Makenga insists he is in charge, but whoever the real leader is, having proved they can defeat the government forces, the rebels are feeling confident — and claim they could march on Goma, the regional capital of Congo's North Kivu state.

“The government of Congo will determine my move,” Makenga says. “If the government wants the problem to be solved by war, I am ready to fight. If they want peace talks, we will do that.”

For now, though, talks seem unlikely.

Arrest warrants

On Friday, the Congolese government issued arrest warrants for Makenga, Gen. Ntaganda, and Kazarama, calling for troops on the ground “to urgently relaunch an operation to arrest them.”

How the government in far-off Kinshasa can actually go about that, on the other hand, is unclear.

Lounging on the grass at a Ugandan army base several miles from the border, soldiers from the elite commando unit of the Congolese army doze and wait.
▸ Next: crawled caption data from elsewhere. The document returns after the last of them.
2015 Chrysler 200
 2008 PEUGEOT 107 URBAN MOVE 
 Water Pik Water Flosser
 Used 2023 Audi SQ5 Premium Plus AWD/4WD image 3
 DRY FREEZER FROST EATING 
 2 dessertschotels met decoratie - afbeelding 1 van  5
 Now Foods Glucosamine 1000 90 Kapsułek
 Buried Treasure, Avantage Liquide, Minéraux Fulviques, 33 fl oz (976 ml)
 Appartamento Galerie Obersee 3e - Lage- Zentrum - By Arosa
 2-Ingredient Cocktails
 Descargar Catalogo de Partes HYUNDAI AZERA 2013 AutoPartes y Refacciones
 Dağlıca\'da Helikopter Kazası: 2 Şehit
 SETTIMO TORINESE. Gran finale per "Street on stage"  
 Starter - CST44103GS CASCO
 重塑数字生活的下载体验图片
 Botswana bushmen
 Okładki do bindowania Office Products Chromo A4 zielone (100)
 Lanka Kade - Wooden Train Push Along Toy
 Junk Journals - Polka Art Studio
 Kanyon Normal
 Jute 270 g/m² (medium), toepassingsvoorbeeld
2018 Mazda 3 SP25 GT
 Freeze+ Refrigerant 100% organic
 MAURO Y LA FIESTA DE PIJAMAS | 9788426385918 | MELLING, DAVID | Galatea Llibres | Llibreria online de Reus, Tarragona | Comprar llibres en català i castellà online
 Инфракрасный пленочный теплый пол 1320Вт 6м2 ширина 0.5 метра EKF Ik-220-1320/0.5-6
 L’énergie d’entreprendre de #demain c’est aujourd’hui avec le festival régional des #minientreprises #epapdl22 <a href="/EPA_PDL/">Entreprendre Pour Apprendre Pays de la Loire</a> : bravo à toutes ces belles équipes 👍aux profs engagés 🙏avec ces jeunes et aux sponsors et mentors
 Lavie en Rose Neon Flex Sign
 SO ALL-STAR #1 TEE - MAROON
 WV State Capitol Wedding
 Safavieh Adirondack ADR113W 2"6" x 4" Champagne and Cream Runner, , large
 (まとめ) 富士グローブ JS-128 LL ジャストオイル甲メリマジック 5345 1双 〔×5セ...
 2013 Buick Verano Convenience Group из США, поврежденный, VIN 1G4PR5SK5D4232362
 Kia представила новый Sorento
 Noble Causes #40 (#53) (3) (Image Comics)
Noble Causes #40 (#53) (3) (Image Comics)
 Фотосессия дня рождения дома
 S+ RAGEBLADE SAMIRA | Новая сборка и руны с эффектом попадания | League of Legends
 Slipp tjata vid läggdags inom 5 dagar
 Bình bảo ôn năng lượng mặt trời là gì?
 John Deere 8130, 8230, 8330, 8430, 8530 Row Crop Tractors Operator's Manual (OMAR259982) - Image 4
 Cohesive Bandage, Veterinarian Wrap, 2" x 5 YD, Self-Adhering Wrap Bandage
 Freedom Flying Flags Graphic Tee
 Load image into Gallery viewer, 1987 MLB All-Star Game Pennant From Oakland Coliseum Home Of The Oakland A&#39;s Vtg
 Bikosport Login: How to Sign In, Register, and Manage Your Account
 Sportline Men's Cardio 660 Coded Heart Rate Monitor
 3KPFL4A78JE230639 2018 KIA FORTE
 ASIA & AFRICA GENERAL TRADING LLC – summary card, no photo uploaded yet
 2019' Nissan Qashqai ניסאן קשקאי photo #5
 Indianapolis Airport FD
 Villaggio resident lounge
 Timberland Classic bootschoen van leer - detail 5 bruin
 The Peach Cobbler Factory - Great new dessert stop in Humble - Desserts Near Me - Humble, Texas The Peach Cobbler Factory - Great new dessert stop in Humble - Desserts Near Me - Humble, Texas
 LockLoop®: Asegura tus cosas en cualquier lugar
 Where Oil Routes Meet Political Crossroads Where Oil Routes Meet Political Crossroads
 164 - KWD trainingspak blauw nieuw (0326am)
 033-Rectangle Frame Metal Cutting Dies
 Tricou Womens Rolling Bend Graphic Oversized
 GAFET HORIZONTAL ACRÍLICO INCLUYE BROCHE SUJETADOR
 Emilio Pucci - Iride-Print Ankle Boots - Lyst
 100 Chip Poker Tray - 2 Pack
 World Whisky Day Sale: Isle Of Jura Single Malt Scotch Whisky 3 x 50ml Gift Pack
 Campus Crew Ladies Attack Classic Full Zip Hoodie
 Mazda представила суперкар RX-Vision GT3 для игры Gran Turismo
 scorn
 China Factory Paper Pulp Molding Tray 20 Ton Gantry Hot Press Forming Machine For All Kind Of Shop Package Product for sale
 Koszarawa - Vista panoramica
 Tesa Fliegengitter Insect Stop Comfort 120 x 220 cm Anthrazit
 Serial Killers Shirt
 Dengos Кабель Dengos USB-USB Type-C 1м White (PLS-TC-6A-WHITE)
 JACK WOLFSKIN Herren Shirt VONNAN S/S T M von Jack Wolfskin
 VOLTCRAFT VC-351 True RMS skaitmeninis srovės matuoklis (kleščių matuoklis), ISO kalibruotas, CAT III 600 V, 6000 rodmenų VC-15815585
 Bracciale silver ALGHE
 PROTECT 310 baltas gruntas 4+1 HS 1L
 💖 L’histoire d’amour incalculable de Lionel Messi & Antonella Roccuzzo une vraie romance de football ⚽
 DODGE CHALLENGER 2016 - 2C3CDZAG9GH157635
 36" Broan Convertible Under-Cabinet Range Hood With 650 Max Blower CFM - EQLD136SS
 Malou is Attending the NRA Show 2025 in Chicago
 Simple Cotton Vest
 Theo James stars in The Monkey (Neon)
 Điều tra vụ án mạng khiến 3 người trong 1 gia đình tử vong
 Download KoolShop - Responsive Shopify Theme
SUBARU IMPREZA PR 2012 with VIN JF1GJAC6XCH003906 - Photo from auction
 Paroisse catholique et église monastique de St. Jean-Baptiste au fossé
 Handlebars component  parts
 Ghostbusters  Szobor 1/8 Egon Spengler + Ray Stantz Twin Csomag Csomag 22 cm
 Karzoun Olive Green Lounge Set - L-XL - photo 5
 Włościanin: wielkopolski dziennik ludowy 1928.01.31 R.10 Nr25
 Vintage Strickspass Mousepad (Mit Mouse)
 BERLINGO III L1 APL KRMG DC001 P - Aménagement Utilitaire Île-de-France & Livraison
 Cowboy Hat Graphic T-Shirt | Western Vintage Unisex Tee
Sent to the region specially to fight the rebels, the troops from the Belgian-trained unit were among over 600 soldiers who fled a rebel assault on the border town of Bunagana — leaving a trail of discarded helmets, boots, and battered pride behind them.

“As part of our military strategy we found it necessary to withdraw,” company commander Petit Petit Tamata says. Two soldiers from his unit were killed and four injured, he says.

For now though, with neither side apparently ready to give way, as ever it is the local population that is bearing the brunt of the spiral of fighting and uncertainty.

Refugees again

And for many of those being displaced this is not the first time that they have been forced to flee. Since fighting flared earlier this year Uganda has registered 30,000 refugees from Congo.

Prince Fidel may only be aged 18 but he has already been a refugee, a returnee, and now is once again a refugee.

One of over 16,000 Congolese in Nyakabande refugee transit camp on the Ugandan side of the border, he says that he and his family already spent two years as refugees in Uganda after they fled the fighting in 2008.

Told that peace had returned to eastern Congo they headed back home but after little more than a year have been forced to flee again.

“My schooling has been so disrupted – Congo to Uganda to Congo to Uganda,” Mr. Fidel says. “When will it just be normal?”